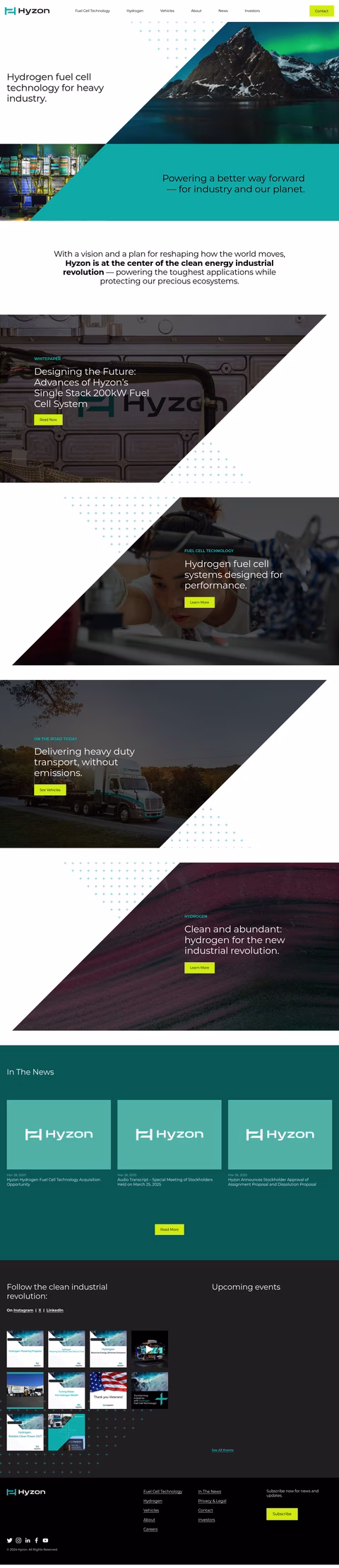 Hyzon-Motors-Inc Homepage 1440px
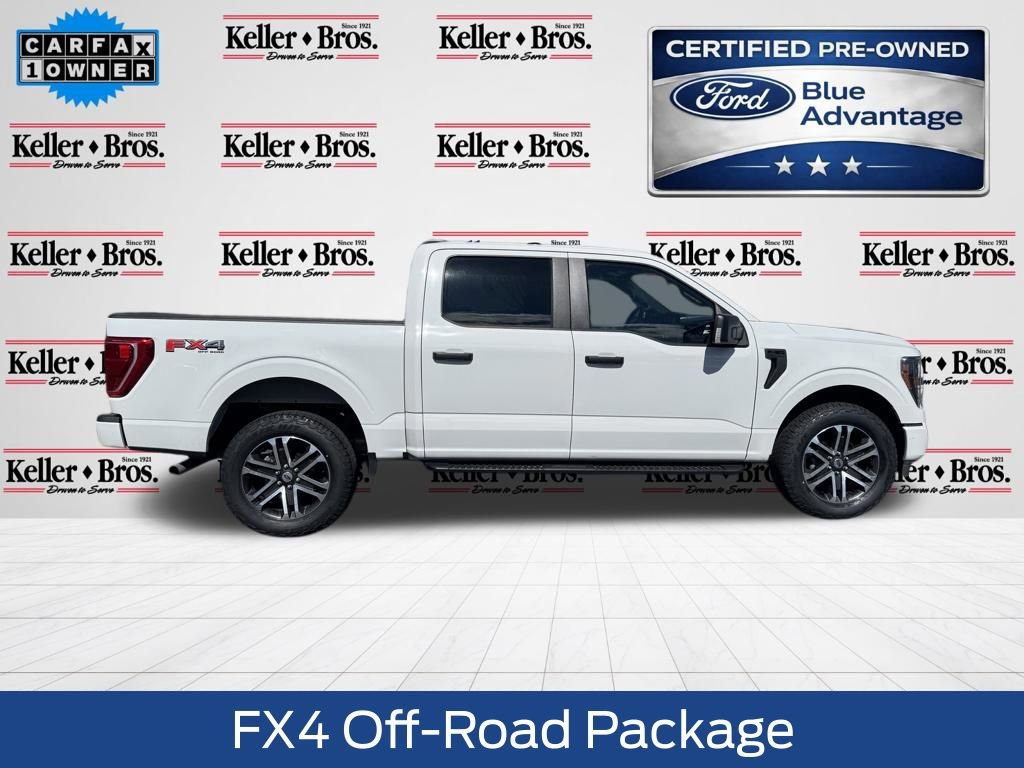 Certified 2023 Ford F150 XL w/ STX Appearance Package image 6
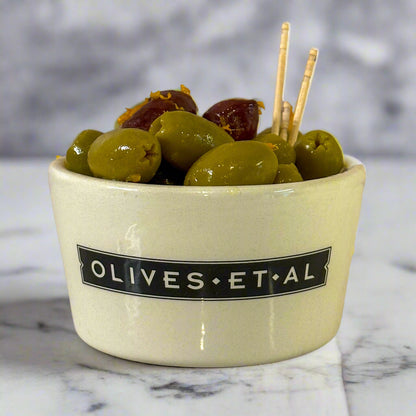 Boxed Olives - Fennel & Orange Mixed Pitted - 2.5kg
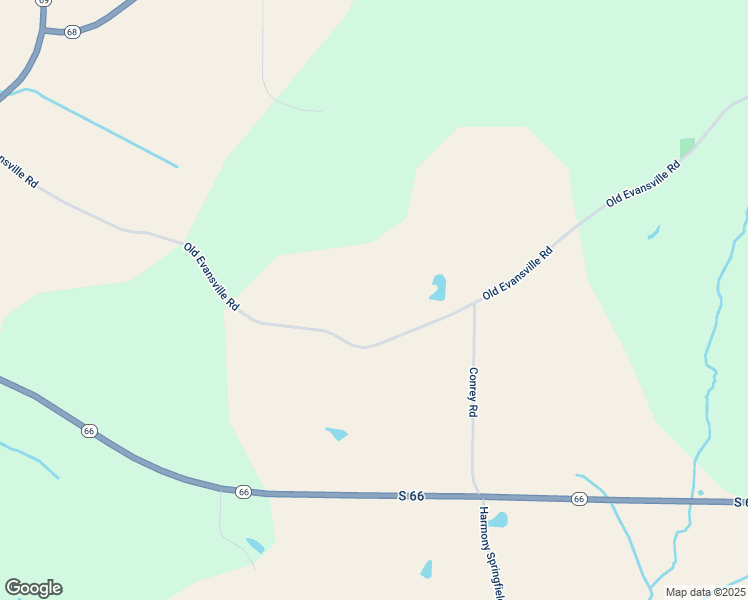 map of restaurants, bars, coffee shops, grocery stores, and more near 1800 Old Evansville Road in New Harmony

**Exercise brief**
Every line above is to be repeated exactly, but no picture is to appear in the copy.

**Answer to the problem**
 Hyzon-Motors-Inc Homepage 1440px
 Certified 2023 Ford F150 XL w/ STX Appearance Package image 6
 Boxed Olives - Fennel & Orange Mixed Pitted - 2.5kg
 map of restaurants, bars, coffee shops, grocery stores, and more near 1800 Old Evansville Road in New Harmony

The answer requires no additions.